The first of the four syndicated movies, TekWar, featuring guest star Barry Morse (best-known to television audiences as Lt. Gerard from the classic 1960s ABC series The Fugitive), adhered closely to the first book’s plotline. (It was set fifty years in the future, in the year 2044, mostly for budgetary reasons to keep the special effects manageable.) TekWar premiered in the United States in mid-January 1994, about a week before airing on CTV in Canada, a pattern that would be repeated with each movie.

The show-business bible Variety gave the movie an enthusiastic review: “Viewers expecting a strong Star Trek influence, based on the involvement of exec producer/director/creator Shatner . . . will be surprised to find TekWar owes more to T. J. Hooker than to Star Trek . . . The story may be a little too clever—the complicated plot will challenge viewers of all ages—but there’s plenty of imagination involving characterizations and compelling conflicts to keep viewers interested.”29 The Los Angeles Times, however, wasn’t as enthralled—“No one will confuse William Shatner’s TekWar with serious science-fiction”—while Entertainment Weekly ripped it as “your average cop show in a post-20th-century setting . . . Intended to be hard-boiled, the dialogue in TekWar is instead just pitiful.”30

Ratings for the TekWar premiere were strong in Canada, and in the United States it boosted viewership significantly on local stations nationwide. The movie’s inaugural telecast spiked viewership by 350 percent from the previous November on San Francisco’s KOFY, while WPIX (Ch. 11) in New York City scored the biggest TekWar ratings in the country. St. Louis and Miami also reported sizable increases in viewership—129 percent and 225 percent, respectively—over the previous November.31

Bill visited NBC’s The Tonight Show in June and revealed that TekWar would air as a television series on cable’s USA Network, with Greg Evigan reprising his role as Jake Cardigan. In August, USA announced that the series would premiere in January 1995, with Bill executive-producing and returning as Walter Bascom. USA also bought the rights to the four two-hour TekWar movies airing in syndication.

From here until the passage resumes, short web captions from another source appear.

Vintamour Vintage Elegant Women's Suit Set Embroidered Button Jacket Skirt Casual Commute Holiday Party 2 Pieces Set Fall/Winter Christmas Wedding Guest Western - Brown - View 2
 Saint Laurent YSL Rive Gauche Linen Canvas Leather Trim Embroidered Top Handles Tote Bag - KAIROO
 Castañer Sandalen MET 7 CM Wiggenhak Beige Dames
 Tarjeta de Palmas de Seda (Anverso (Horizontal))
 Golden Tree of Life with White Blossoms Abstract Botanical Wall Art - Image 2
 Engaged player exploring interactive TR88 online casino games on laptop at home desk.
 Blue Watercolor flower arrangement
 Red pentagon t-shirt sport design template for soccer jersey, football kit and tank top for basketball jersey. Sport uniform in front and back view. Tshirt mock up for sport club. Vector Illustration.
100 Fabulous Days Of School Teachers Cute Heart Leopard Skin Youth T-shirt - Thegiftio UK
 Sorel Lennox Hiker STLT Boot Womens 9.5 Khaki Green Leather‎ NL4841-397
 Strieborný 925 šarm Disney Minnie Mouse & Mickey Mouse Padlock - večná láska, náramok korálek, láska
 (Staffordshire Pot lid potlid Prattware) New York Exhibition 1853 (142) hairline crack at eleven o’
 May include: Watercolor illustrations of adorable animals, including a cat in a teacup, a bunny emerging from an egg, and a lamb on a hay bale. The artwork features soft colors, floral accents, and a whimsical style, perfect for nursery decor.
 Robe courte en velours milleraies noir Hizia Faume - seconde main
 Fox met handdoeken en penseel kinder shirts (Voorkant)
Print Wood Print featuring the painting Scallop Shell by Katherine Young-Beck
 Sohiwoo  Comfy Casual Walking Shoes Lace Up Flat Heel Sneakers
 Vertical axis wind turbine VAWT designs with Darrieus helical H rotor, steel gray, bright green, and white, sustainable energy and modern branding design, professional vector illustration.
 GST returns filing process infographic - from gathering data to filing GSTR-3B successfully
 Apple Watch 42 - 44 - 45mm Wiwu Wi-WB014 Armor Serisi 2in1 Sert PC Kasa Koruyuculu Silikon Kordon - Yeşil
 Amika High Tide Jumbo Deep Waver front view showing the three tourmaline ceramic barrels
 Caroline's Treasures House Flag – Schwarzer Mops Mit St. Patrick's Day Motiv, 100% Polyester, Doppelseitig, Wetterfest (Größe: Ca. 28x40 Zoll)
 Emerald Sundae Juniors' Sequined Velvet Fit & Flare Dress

The TekWar series premiered on January 7, 1995, to record viewership on USA Network, earning a 3.4 rating as the most-watched premiere episode in basic-cable history. Variety hated the opener, calling Evigan “David Hasselhoff without the charisma” and ripping the show’s “humorless script” and the “problematic pastiche” of its production design while calling Bill “cool, calm and all-knowing” and “the coolest thing on screen.” Viewership eventually tailed off, and in June, USA cancelled the series after airing fourteen episodes. In January 1996, the four remaining episodes were moved to USA’s cable sister network, Sci-Fi Channel, while it aired on CTV in Canada, completing its run in February.